The plan goes much further than College Green, however. Westmoreland Street would become a virtually traffic-free zone, with much wider footpaths that will hopefully encourage more cafés, while D’Olier Street would be turned into a major interchange for cross-city bus routes.

Suffolk Street and the north side of St Stephen’s Green, from Dawson Street right around to the Royal College of Surgeons, would be pedestrianised (apart from lanes for Luas and cyclists). Footpaths on O’Connell Bridge would be widened to “mirror” O’Connell Street itself.

The Liffey Quays would also be transformed. At present, incredibly, the junction at Bachelors’ Walk and O’Connell Street carries some 70,000 vehicles a day – equivalent to 60 per cent of the daily traffic flow on the M50 – conflicting with 100,000 pedestrians trying to cross it.

Under the plan, Bachelors’ Walk would only cater for buses, taxis, cyclists and pedestrians, with “no private cars”. The south quays would also be choked as a major traffic artery by imposing the same restrictions on either Aston Quay, Burgh Quay or George’s Quay.

These moves are being made to facilitate a Liffey “cycling corridor” on both sides of the quays. The number of commuters cycling in Dublin more than doubled between 2006 and 2011 and shows no sign of slackening off. Safety alone means that they must be catered for.

This would require the re-routing of large volumes of traffic from the quays to other streets, such as Jervis Street and Parnell Street on the northside and Pearse Street and Tara Street on the southside. How these traffic-choked streets would cope with more cars is a conundrum.

As a general rule, traffic finds its own level in a city. If routes are closed, motorists tend to find alternatives. What the authors of the latest plan hope is that many of them would switch to other modes, which would include a number of tram-like bus rapid transit (BRT) lines.

The AA’s Conor Faughnan has reverted to type by querying “why is removal of cars an objective in itself?”. The answer is simple: if conditions are to be improved for public transport, cyclling and walking, the limited road space available must be reallocated from private cars.

However, access city centre multi-storey car parks would be maintained, in the interest of supporting retail, even though a recent study for the NTA showed that the majority (80 percent) of the total retail “spend” is by shoppers using public transport, cycling or walking.
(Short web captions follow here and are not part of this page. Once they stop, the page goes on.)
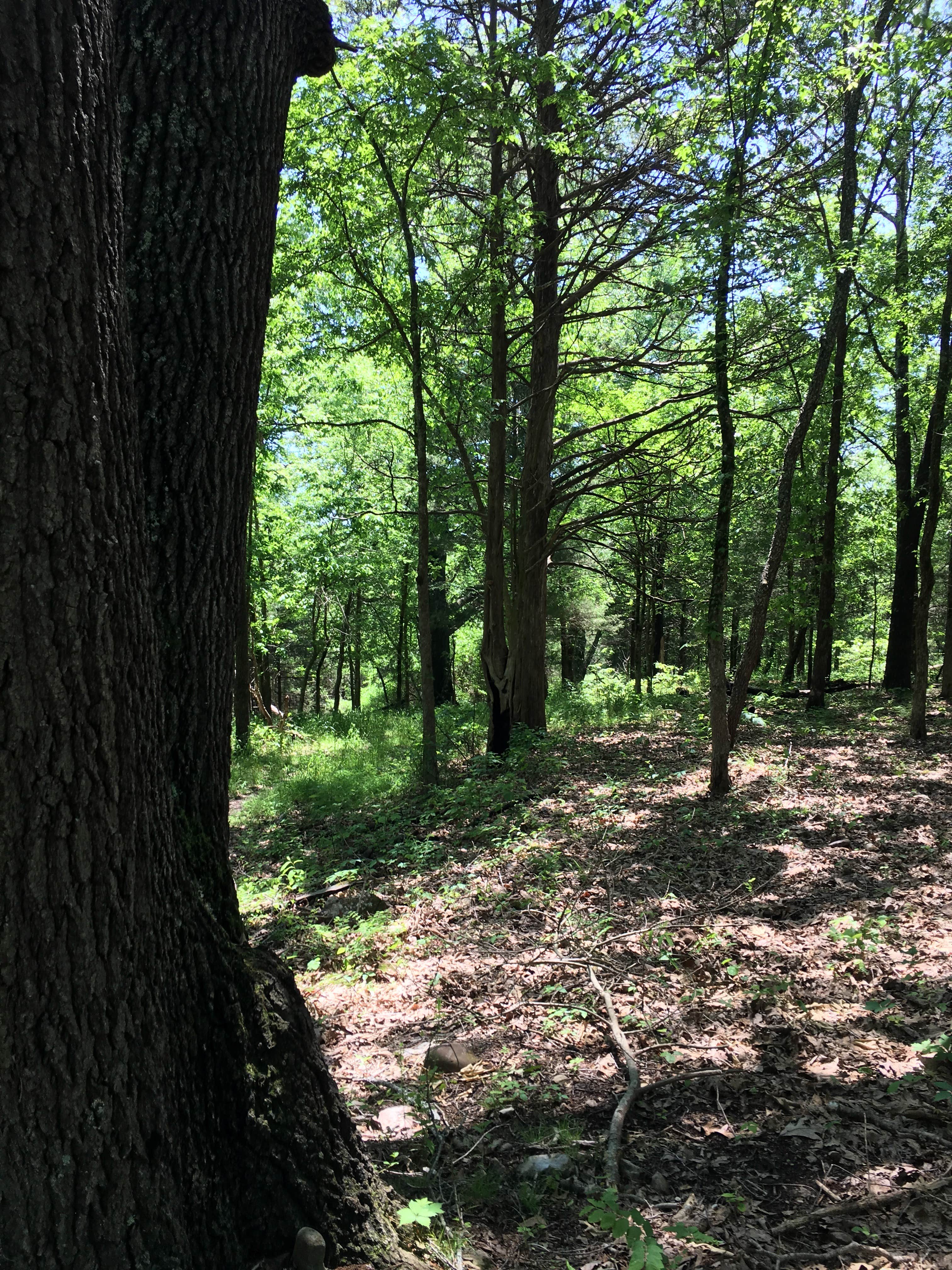 Camper submitted image from Adair Cemetery Primitive Campsite — Buffalo National River - 1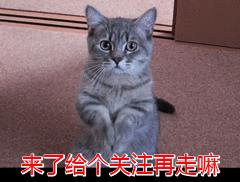 美短猫图片大全及价格(美短成年猫图片大全)插图11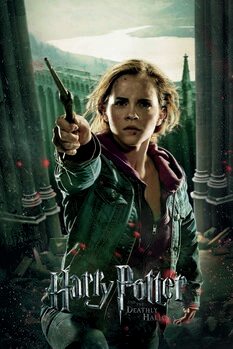 Impressão de arte Harry Potter - Hermione Granger
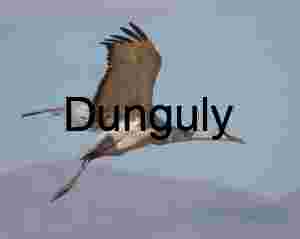 Sandhill Cranes in Flight Over Desert Landscape | Single Crane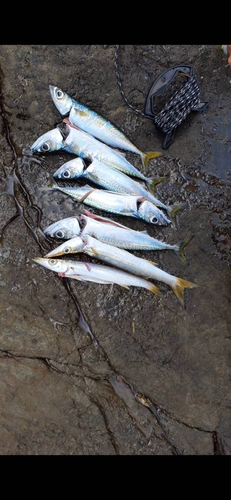 サバの釣果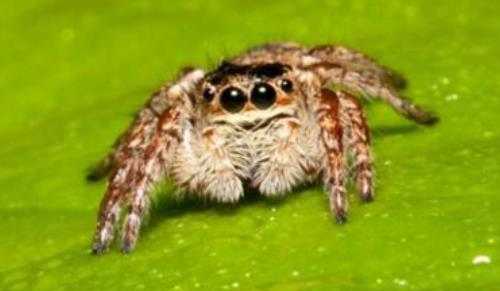 家中常见的20种蜘蛛(十大常见的室内蜘蛛)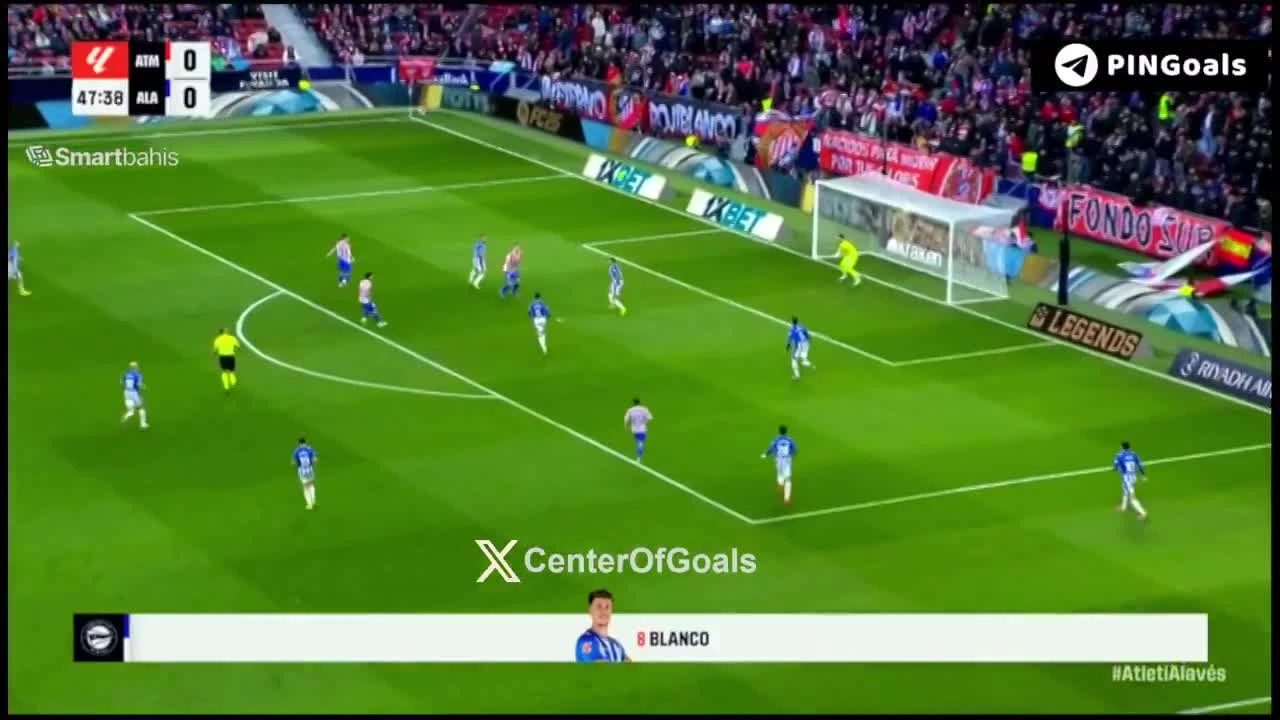 zaslepka skrotu video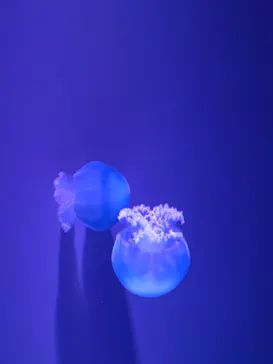 すみだ水族館に投稿された画像（2022/2/26）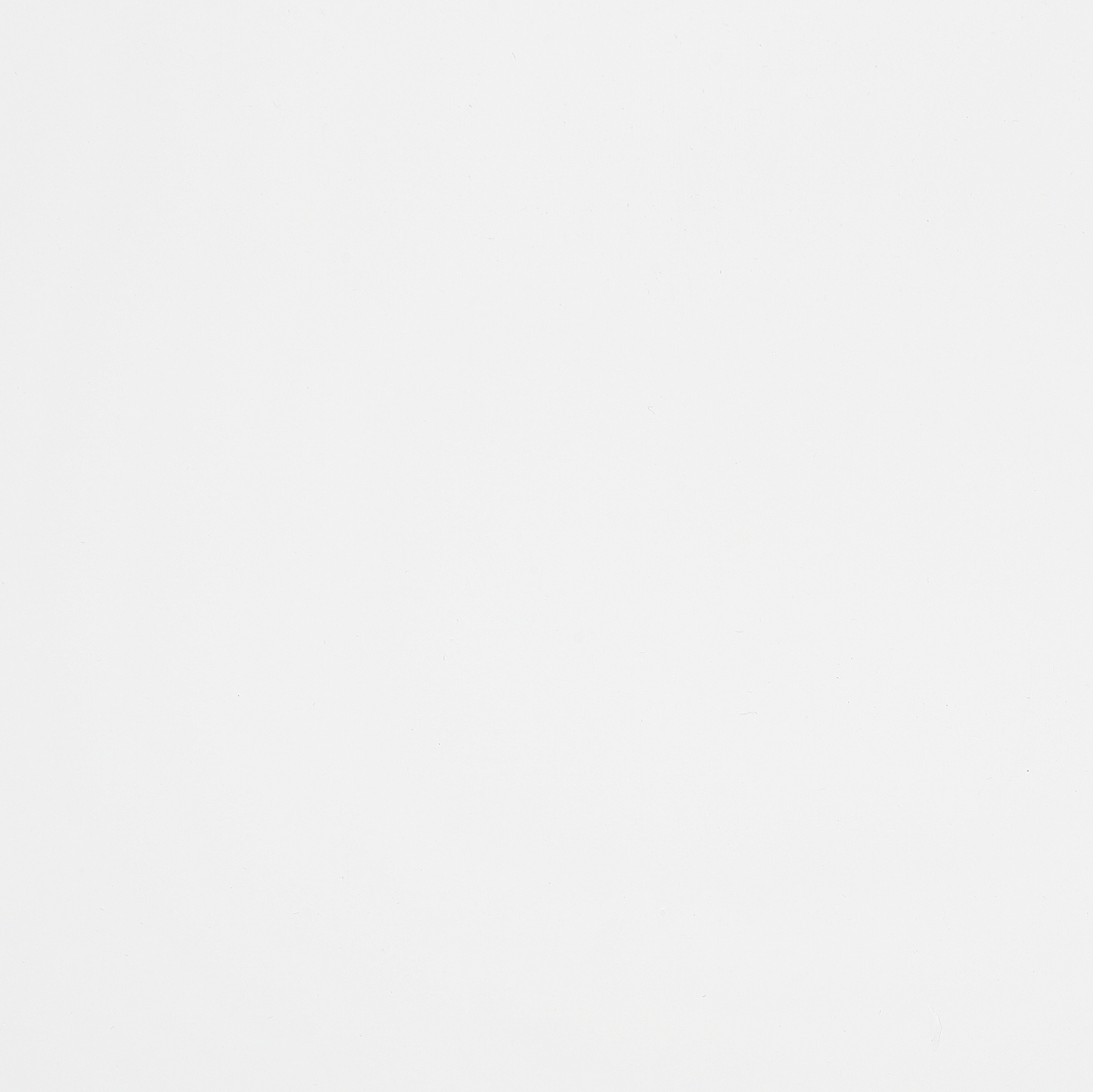 Esszimmerstuhl 2er Set BURBANK Holz Weiss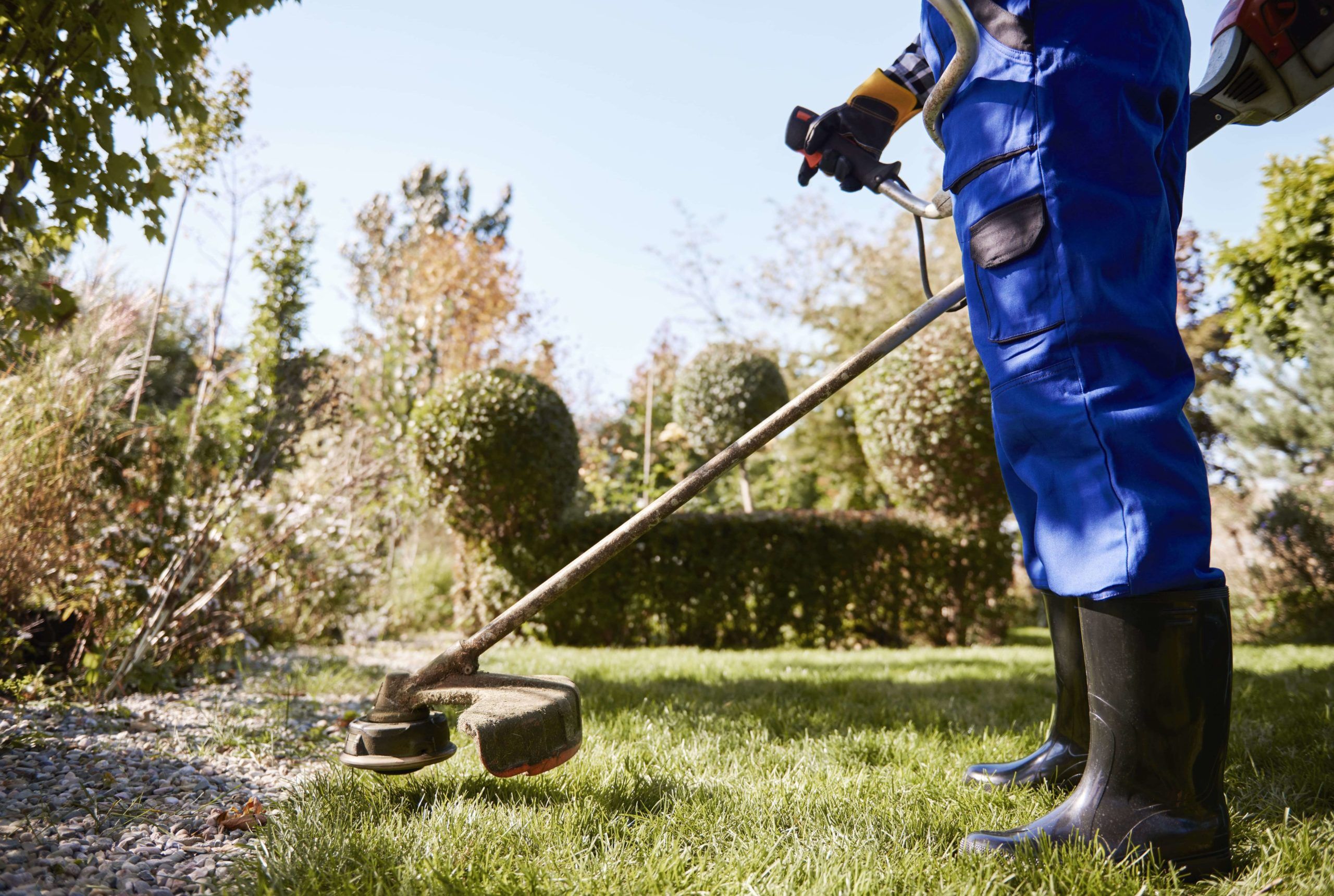 curso jardineria y paisajismo objetivos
There is also a good chance that the plan will be implemented, given the NTA’s pledge to provide €150 million in funding for the different elements proposed. That’s assuming, of course, that city councillors adopt it after what’s bound to be a fractious public consultation.

Frank McDonald is the former environment editor of the Irish Times, and the author of several books, including The Destruction of Dublin (1985), Saving the City (1989), and The Construction of Dublin (2000)....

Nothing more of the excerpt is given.